[Records from a data source]
※
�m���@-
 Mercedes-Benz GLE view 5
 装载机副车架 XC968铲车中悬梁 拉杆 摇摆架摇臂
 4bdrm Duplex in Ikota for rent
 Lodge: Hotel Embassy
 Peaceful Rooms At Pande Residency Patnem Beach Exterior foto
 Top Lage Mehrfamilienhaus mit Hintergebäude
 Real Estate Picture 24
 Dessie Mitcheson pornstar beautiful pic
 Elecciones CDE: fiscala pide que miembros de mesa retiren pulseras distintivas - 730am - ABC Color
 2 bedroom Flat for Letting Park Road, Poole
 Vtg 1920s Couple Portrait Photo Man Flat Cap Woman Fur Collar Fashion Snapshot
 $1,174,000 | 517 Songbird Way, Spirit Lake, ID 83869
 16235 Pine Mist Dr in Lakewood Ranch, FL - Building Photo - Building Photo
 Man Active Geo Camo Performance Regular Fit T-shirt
※
[ASSIGNMENT] Filter the data for the string "Photo". Copy each matching line.

[COMPLETED EXERCISE]
 Vtg 1920s Couple Portrait Photo Man Flat Cap Woman Fur Collar Fashion Snapshot
 16235 Pine Mist Dr in Lakewood Ranch, FL - Building Photo - Building Photo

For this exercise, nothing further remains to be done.